Entretien téléphonique

« Une anecdote pour commencer : j’ai croisé les EEDF il y a 34 ans, j’avais 16 ans. J’y suis entré pour les beaux yeux d’une fille. À l’époque, j’étais membre des Scouts de France depuis quelques années déjà, mais… ils n’étaient pas mixtes !

Première étape : le groupe de Chalon-sur-Saône. En 1976, je débute comme jeune responsable, en parcourant les branches au gré des années. Fort de plus de 200 adhérents, renforcé d’“ extérieurs ” au moment des camps, ses activités sont très régulières, avec des réunions le mercredi, des week-ends, des camps en France mais aussi à l’étranger. Le responsable du groupe, Daniel Auduc, deviendra, successivement, responsable international puis Délégué général. La taille et les activités du groupe devenant importantes, il m’est proposé de devenir permanent local au travers d’un contrat aidé. Mes activités couvrent aussi d’autres communes du département, en particulier le Creusot. En 1979, le groupe de Chalon ouvre ses activités à un petit nombre de personnes handicapées mentales. L’accueil s’élargit : une soixantaine de campeurs à Pâques à Chardonnay, 200 durant l’été 1980 répartis sur 10 séjours … Un services vacances est né, aux côtés du groupe local. Je choisis donc, au début des années 80, d’en faire mon métier. Je deviens le “ directeur ” d’un service vacances qui rapidement recevra un millier de participants. Je conserve mes engagements dans le groupe, au département Saône et Loire, à l’équipe régionale de Bourgogne et auprès de l’équipe internationale EEDF. À cette période aussi nous créons un des premiers conseils municipaux de jeunes, à Chatenoy le Royal. J’en assure, pour les Éclés et la commune, le secrétariat général.

Deuxième étape : les services Vacances. En 1986, François Daubin et Roland Daval, respectivement Délégué général et Secrétaire général du Mouvement, ont à traiter des restructurations de services vacances, et, en particulier “ Vacances Actives ”, implanté à Annecy. Ils me demandent de reprendre en charge l’activité enfants-adolescents, séjours France et étranger et la gestion du terrain de Saint-Jorioz. D’abord hésitant, j’ai fini par accepter le défi, permettant ainsi de diversifier l’offre du service de Chalon. Ce fut une véritable aventure de redresser cette activité, en particulier de développer l’accueil sur ce site en bord de lac.

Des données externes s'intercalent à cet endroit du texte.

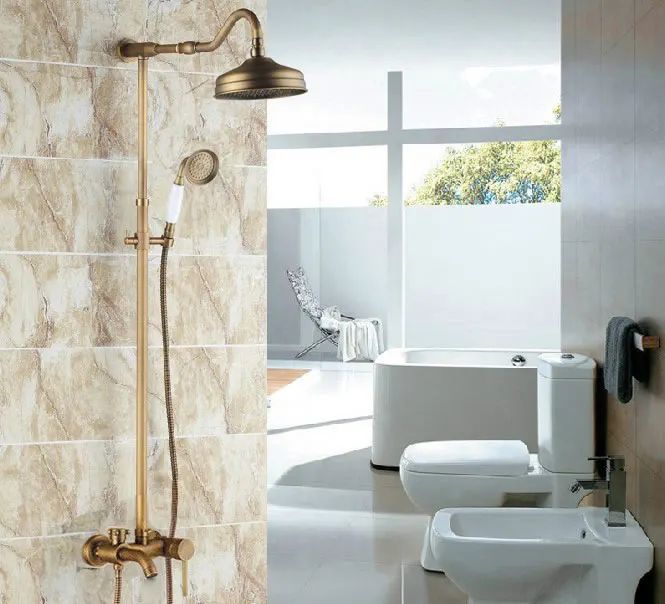 Vintage Retro Antique Brass Single Handle Lever Bathroom 8 Inch Round Rain Shower Faucet Set Tub Mixer Tap Hand Shower mrs224
Vintage Retro Antique Brass Single Handle Lever Bathroom 8 Inch Round Rain Shower Faucet Set Tub Mixer Tap Hand Shower mrs224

De la folie, en ouvrant aux groupes locaux, à des séjours vacances, à des familles, aux centres de loisirs d’autres associations sur des projets voile montagne, nous pouvions atteindre 700 campeurs sur ce centre d’accueil et de vacances. En revivant cette période je pense avec tendresse aussi à “ Cascade ”, Claire Mollet, qui avait bien connu Saint-Jorioz et qui m’a prodigué quelques conseils de vie !

Notre service vacances, avec ses actions de formation, son activité en direction des personnes handicapées, ses séjours enfants-ados, l’accueil à Saint-Jorioz c’était plus de 3000 usagers-adhérents, 50 000 journées d’activités, une centaine de camps et séjours. La prise de risque était cependant permanente avec souvent un sous-équipement par rapport aux effectifs accueillis ! Mais la volonté, le dynamisme porté par des centaines de bénévoles et volontaires rassemblés progressivement autour des projets permettaient de franchir les orages.

Troisième étape : l’échelon national, le Secrétariat Général. En 1989, Roland Daval devient Délégué général et me demande de le rejoindre pour lui “ succéder ” au poste de Secrétaire général. Honoré, surpris, j’hésite cependant une nouvelle fois pour des raisons plus familiales et de choix de vie, s’installer à Paris. Je fais le pas, soutenu par ma famille.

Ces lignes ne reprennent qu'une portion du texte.